If any one has any info on this apparently German snowboard company, do tell please!

I will put some pics up when I go home this weekend.


----------



## retrobikeguy (Oct 27, 2005)

Think they had something to do with scott ?

best bet is to look on http://www.mtb-news.de/forum/search.php?searchid=2985890 and use google translater, if anyones gonna know about them its the germans.


----------



## Kelgee19 (Dec 8, 2010)

*Hooger to the Booger*

Well, I know that this is a very old post but I was doind some searching on the internets for Hooger Booger bikes and camr across this one. I currently own a Hooger Booger Eagle Team mountain bike and well...you are the only other person that I know of who has one. They were not too popular here in the states; as the other comment pointed out, they are/were a division of Scott. In fact, my dad purchased this bike for me from his friend, who is a Scott dealer. I have had the bike since 1997 and I still ride it as my primary mountain bike. Keep in mind I took a 5-6 year brake from riding of any kind (I think I was finding myself or something?) From your description it sounds like yours came with the same setup as mine, XT's (grip shift...I hate gripshift), Ritchy crank and wheelset, Manitou shocks. Now that I am back on it I need to update some stuff, like my Manitou 2 shocks, cassette, crank, etc. Just keeping it budget build so that I can save up for a nicer ride. But anyway, yes the bike is a diamond in the rough, I love it and will probably hang onto it more for sentamental reasons than anything...wouldn't get anything for it if I tried to sell. 
Anyway, let me know if you still have it.
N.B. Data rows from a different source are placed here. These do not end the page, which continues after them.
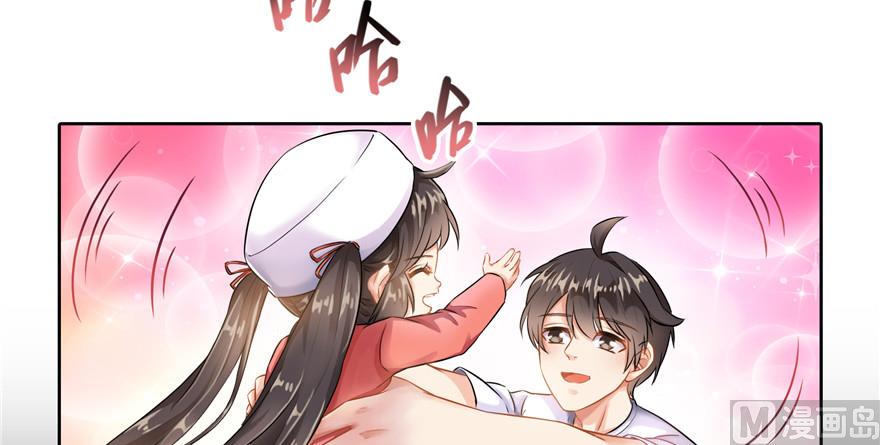 第193话 牵个手就怀孕系列67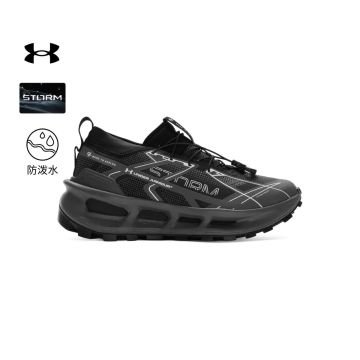 أندر آرمور إكسبلور تريل – Under Armour UA EXPLOR Trail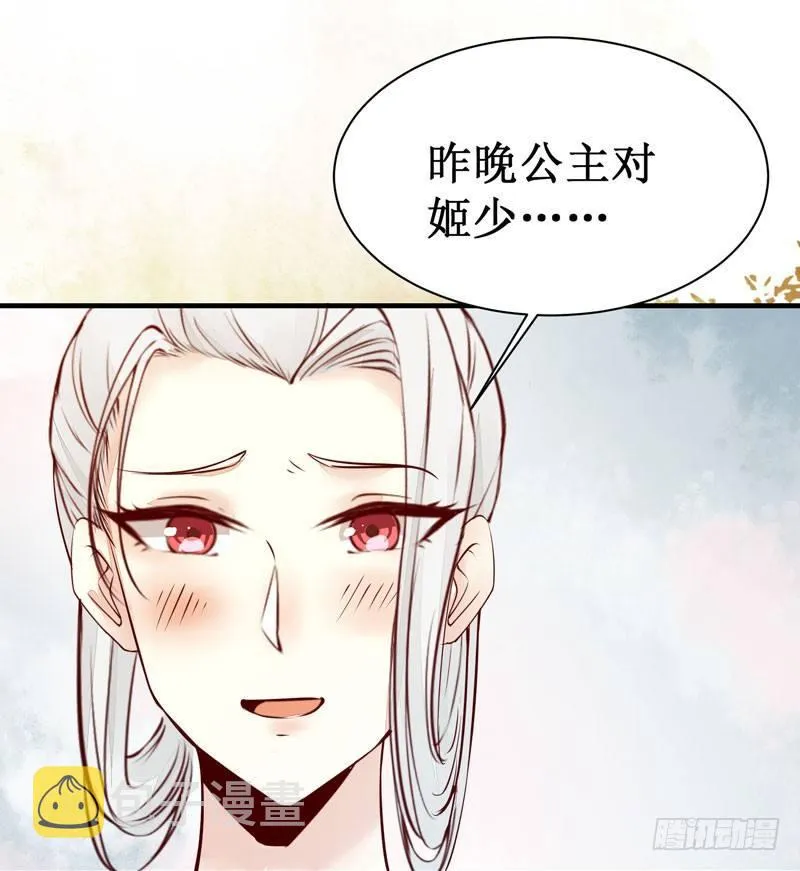 第47话 昨晚我们干了啥？ 第29页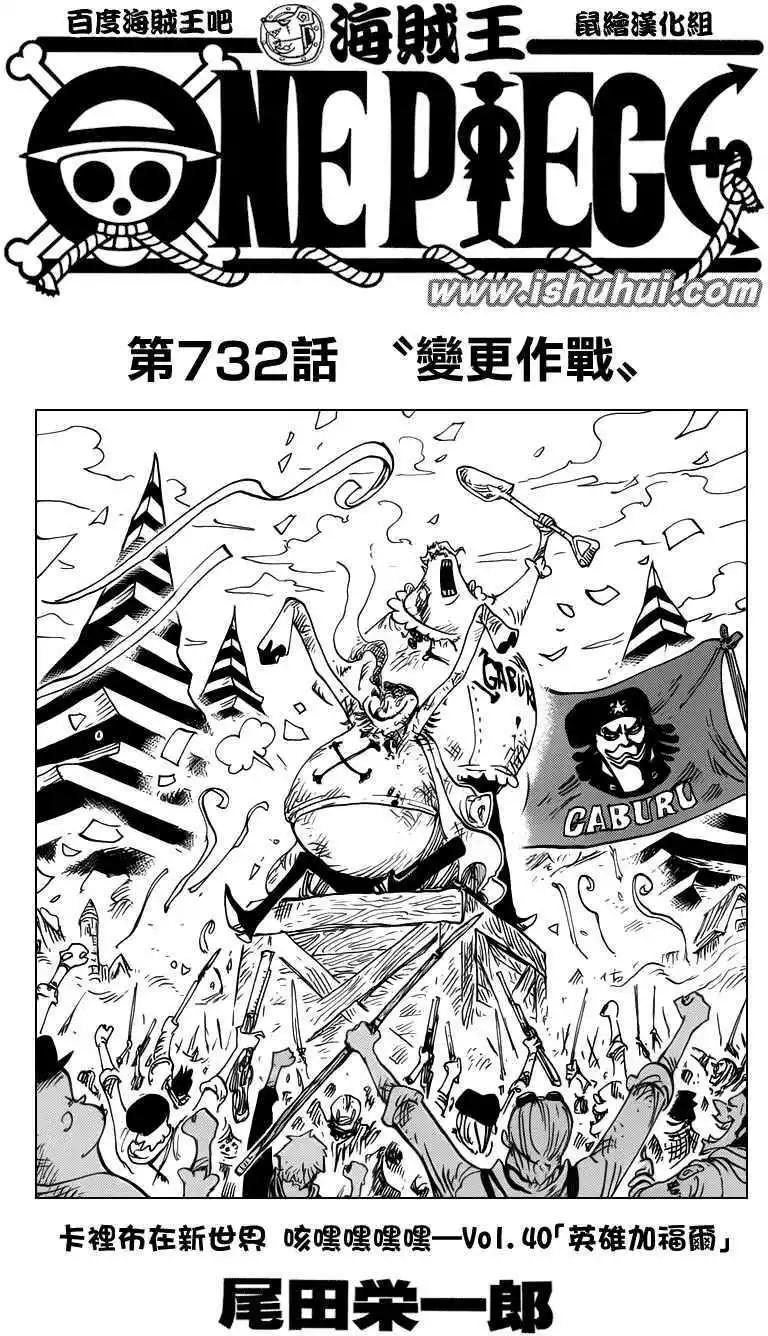 🍖ONE PIECE航海王 第723回 变更作战 第1页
What kind of brakes did yours come with? Mine has the original Magura H22 hydraulic rim brakes. :thumbsup:

Thanks,
Kel


----------



## girlonbike (Apr 24, 2008)

What are ricers?


----------



## fat-tony (Sep 6, 2005)

girlonbike said:


> What are ricers?


http://lmgtfy.com/?q=ricer+burners

 (sorry, I couldn't resist)


----------



## laffeaux (Jan 4, 2004)

girlonbike said:


> What are ricers?


Always consult the Urban Dictionary when in doubt.

http://www.urbandictionary.com/define.php?term=ricer


----------



## girlonbike (Apr 24, 2008)

ahhhh...I see! Interesting. Lemme go find a booger the same way now.


----------



## alexk (Sep 30, 2005)

And then of course there is Bryan's Rice-Boy Page....
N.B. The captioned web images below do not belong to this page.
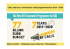 Città, Imprese e Innovazione nella programmazione 2014 – 2020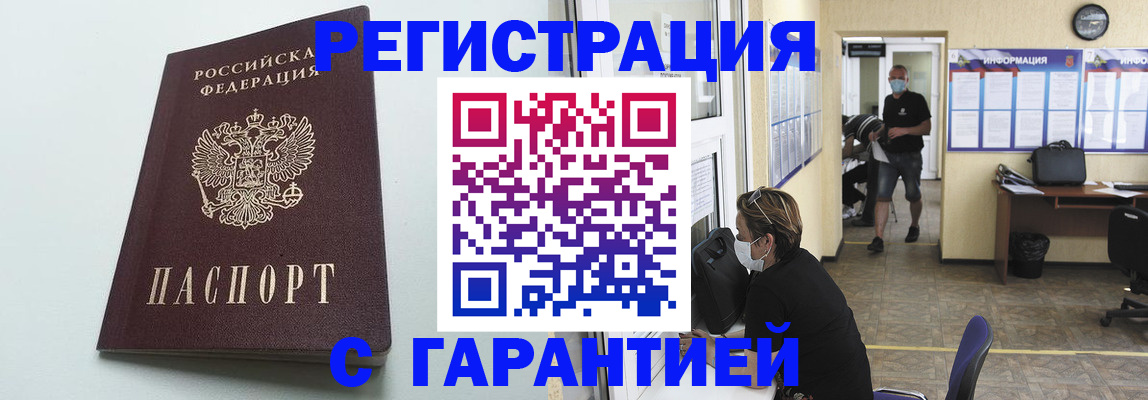 временная регистрация недорого в Бутурлиновке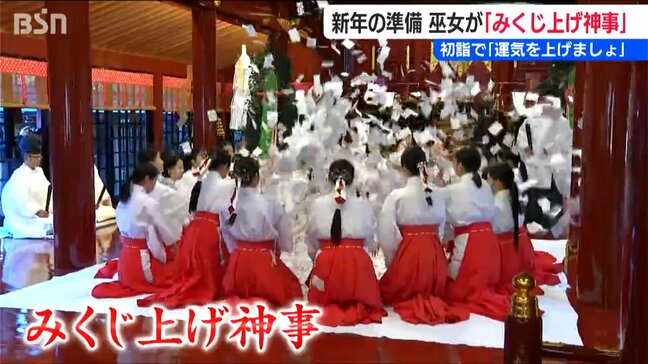 「上げましょ、上げましょ、運気を上げましょ」参拝者の運気が上がるよう祈願「みくじ上げ神事」　新潟県護国神社|TBS NEWS DIG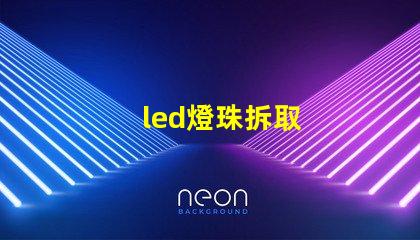 led燈珠拆取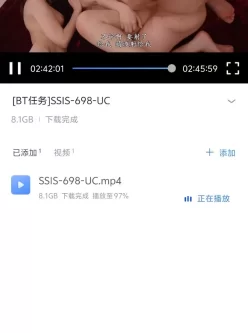 [转载搬运] ［无码高清分享］SSIS-698三上悠亚、新有菜及相泽南 [1+8.1g][其他下载方式]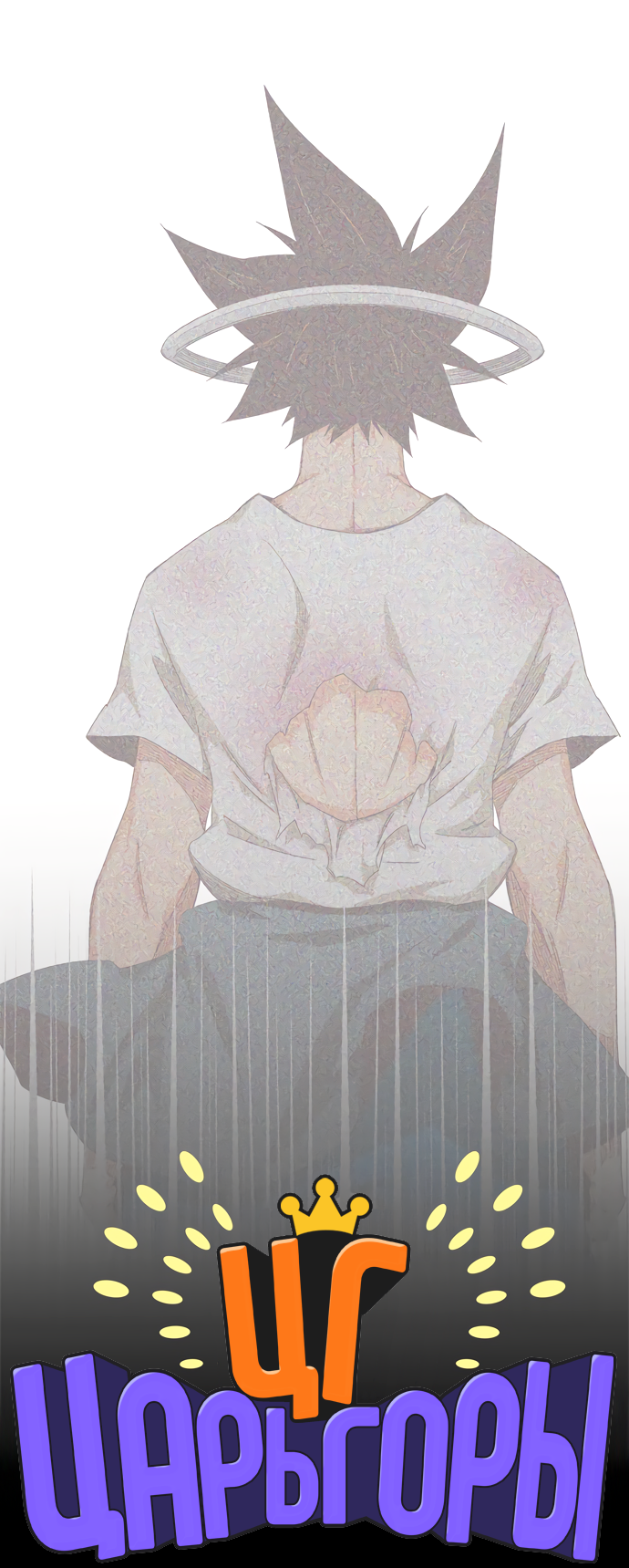 Read The God of High School RU Manga Online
http://www.riceboypage.com/index.html

The Hall(s) of Shame are hilarious.


----------



## banks (Feb 2, 2004)

girlonbike said:


> What are ricers?


It's a type of Ritchey brake.


----------



## yo-Nate-y (Mar 5, 2009)

nooo. ricers are bars.


----------



## jmmUT (Sep 15, 2008)

I know some of their snowboards are becoming sort of sought after in the vintage snowboard community. The boards were quality.


----------



## Kelgee19 (Dec 8, 2010)

Believe it or not, my first snowboard was a Hooger Booger. Needless to say, I was mocked on the mountains in the summer and winter...with my Hooger Booger. That's what you get when your dad has a connection with a SCOTT rep. :madman:


----------